Market index reflects current and future technology trend impact
At time of market uncertainty many people pay more attention to the stock market. The stock market is a reflection of the impact of technology cycles on people and businesses. In some areas changes are slow to come.
One symbolic change that happened on March 2015 is the replacement of AT&T by Apple in the Dow Jones Industrial Average leaving Verizon as the only operator represented in the Dow Jones index. This is a symbolic change that reflects the long-term change we see in communications.
In the past, the term Service Provider was rather clear. We knew who they are and what type of services they provide.
Today this term is fuzzier because services are more diverse and companies who were traditionally SW (and sometimes also HW) vendors are becoming service providers.
Apple in that sense is one of those that pioneered this trend by serving apps and music to consumers directly from the App Store cutting the middleman. Additionally, through Face Time and iMessage Apple flipped the vertical regional/geographical silos of service providers to a horizontal silo of a vendor.
The market cap of Apple is significantly larger than the one of AT&T for some time. It is approximately X3 today. Still the addition of Apple to the Dow was done only this year in March.
If we look at the stocks of Apple and AT&T over the last 5 years, a picture is worth more than a thousand words. I didn’t get into amount of dividends paid by each and split of stock Apple has done in 2014 (split is normalized in this Yahoo Finance chart) because this is all noise to this compelling gap.

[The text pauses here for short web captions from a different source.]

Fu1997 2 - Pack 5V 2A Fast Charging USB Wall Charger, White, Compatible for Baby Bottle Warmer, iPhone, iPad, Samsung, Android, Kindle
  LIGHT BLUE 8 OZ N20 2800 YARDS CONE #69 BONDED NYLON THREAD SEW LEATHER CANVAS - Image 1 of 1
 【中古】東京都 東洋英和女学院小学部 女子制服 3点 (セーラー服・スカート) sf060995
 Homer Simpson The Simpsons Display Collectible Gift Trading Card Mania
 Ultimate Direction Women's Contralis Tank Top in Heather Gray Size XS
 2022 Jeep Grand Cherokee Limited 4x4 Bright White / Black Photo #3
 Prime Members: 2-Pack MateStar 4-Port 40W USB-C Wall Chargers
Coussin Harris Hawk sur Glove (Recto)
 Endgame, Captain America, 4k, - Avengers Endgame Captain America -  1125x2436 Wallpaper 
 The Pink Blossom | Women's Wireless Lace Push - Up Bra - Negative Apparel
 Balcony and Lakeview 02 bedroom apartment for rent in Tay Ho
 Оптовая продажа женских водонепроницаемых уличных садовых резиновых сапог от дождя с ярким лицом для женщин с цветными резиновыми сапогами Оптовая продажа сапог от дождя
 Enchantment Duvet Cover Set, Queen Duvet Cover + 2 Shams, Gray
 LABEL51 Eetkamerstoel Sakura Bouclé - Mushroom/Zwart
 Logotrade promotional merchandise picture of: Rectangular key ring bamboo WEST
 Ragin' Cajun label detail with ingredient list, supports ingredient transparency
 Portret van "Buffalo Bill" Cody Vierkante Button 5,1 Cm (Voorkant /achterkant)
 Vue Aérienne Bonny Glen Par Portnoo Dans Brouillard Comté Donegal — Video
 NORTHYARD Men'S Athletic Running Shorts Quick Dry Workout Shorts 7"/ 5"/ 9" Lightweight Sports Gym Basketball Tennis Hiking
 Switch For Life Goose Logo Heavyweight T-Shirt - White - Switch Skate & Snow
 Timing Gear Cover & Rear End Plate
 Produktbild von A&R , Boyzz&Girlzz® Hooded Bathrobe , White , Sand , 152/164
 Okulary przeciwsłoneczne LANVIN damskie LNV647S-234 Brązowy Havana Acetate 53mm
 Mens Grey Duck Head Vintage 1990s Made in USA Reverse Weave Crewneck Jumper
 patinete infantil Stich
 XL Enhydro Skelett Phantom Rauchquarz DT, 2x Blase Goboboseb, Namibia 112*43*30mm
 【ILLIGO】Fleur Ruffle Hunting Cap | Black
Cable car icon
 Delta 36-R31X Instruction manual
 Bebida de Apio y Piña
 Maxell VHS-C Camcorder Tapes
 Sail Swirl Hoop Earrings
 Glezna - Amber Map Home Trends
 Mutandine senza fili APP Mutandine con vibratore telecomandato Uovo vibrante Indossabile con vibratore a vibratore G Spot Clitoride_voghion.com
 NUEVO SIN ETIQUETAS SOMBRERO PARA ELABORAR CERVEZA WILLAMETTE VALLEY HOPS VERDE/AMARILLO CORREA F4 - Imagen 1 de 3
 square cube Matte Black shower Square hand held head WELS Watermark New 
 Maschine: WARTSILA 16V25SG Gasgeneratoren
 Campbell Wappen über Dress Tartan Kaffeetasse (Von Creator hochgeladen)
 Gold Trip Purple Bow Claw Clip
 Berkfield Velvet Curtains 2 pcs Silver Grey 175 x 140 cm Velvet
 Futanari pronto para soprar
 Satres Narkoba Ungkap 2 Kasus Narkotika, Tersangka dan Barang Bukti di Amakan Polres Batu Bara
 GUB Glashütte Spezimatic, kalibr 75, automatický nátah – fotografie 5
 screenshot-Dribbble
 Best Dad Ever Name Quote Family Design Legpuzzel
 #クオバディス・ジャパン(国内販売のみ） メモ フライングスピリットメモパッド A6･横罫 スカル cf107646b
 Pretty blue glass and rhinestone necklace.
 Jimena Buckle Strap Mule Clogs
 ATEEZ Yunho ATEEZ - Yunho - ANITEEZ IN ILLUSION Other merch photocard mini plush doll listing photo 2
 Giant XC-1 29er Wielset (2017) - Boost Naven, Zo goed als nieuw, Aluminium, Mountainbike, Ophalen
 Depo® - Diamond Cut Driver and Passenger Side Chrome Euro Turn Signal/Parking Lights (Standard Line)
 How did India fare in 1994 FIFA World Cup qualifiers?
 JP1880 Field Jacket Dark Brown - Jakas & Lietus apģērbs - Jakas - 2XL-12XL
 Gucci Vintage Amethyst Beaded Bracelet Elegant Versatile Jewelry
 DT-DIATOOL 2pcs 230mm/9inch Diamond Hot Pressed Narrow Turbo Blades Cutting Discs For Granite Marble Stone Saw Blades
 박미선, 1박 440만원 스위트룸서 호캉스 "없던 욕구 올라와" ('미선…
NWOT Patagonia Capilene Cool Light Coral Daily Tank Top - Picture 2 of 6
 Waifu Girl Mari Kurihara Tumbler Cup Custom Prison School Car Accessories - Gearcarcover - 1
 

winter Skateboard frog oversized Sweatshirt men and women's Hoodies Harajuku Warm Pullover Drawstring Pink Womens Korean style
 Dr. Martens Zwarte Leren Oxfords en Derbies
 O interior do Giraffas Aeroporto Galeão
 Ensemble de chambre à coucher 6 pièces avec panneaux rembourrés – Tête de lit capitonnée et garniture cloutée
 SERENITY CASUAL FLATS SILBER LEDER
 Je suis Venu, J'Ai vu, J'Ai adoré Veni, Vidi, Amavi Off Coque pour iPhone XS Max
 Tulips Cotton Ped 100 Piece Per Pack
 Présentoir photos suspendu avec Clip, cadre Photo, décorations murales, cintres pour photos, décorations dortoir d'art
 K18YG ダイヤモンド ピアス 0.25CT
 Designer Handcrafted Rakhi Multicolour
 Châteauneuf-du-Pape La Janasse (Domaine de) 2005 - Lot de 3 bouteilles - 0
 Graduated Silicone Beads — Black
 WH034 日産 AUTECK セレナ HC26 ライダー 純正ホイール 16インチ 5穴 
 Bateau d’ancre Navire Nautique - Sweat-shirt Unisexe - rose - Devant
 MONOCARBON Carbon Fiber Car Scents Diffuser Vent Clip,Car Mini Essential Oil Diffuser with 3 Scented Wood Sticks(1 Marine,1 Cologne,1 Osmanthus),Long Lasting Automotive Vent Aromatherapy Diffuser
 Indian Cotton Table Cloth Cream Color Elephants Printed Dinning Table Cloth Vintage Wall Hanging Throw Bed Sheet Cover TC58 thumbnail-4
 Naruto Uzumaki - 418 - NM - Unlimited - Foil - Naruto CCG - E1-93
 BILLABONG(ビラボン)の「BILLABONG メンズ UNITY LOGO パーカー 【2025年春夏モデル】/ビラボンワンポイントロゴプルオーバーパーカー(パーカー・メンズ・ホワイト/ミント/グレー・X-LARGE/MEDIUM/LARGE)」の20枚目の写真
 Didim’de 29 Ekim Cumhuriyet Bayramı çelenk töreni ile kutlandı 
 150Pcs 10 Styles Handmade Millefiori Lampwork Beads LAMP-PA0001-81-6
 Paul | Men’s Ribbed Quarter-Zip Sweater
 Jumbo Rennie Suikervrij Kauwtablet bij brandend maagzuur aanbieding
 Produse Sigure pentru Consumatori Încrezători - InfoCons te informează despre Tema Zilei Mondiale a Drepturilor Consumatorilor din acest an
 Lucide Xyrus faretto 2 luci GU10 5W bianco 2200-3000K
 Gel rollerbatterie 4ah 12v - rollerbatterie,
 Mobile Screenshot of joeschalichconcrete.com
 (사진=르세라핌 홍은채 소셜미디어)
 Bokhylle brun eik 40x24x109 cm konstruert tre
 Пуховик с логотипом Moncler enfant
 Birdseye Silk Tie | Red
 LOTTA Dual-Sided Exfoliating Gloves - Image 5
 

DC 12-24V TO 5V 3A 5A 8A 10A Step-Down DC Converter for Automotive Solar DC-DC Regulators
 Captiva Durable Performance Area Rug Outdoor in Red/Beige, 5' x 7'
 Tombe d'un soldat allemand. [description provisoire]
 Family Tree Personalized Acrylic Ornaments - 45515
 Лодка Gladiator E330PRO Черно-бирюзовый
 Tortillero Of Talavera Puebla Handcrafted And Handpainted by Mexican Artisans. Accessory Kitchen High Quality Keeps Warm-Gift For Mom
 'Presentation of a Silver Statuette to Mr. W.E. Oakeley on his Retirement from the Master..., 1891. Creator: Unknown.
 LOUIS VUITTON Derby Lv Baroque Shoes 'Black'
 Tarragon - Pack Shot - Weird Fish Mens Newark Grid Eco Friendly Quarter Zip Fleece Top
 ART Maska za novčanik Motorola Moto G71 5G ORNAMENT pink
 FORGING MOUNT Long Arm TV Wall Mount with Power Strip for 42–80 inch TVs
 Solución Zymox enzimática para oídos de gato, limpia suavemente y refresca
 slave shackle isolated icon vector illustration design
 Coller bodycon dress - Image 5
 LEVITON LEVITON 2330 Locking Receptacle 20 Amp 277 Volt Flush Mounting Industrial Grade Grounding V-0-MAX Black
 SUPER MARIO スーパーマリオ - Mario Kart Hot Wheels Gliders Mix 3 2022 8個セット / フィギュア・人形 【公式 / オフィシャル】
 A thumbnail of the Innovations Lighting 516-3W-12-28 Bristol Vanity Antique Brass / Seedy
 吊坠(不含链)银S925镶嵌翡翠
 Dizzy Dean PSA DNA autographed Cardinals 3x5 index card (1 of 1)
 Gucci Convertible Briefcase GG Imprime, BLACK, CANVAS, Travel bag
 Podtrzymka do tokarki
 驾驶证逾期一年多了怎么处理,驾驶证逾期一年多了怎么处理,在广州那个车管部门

This trend of vendors becoming service providers is not going to stop. The incumbent operators have taken a toll mainly on the consumer side due to OTT service providers. On the side of business communications, the worst for operators is still ahead of us as companies such as Microsoft and leading UC/Collaboration and contact center vendors will significantly grow their service provider side of the business.
The lowering of technology barriers through WebRTC and the embedding of complex media technology in the browser makes it easier to add communication features in existing services cutting off the incumbent operators.
A glimpse at the Dow Jones
The Dow Jones or the Dow Jones Industrial Average was first introduced in 1896. It includes today 30 large companies traded on the American stock market. Since at that time, industrial manufacturing was the name of the game, the index carried the term “Industrial”. Other indexs were created for Transportation and Utilities.
Today it doesn’t include only Industrial type of companies but also services, retail and SW vendors.
Funny that in 2015 an “Industrial” company Apple replaced a services company AT&T but that is of course a new type of manufacturing company where the value is mainly in SW and product design, HW manufacturing is outsourced.
The inclusion of companies in the Dow Jones 30 companies list is not done through some automatic daily quantitative calculation based on market cap. The selection of companies to be included in the index is based on a qualitative analysis.
“A stock typically is added only if the company has an excellent reputation, demonstrates sustained growth and is of interest to a large number of investors. Maintaining adequate sector representation within the index is also a consideration in the selection process for the Dow Jones Industrial Average™…”
You are welcome to read more about the Dow Jones Indices Index Methodology.
Why is this important?
The shiny happy days of the operators are history. Even the stock market understands change has come.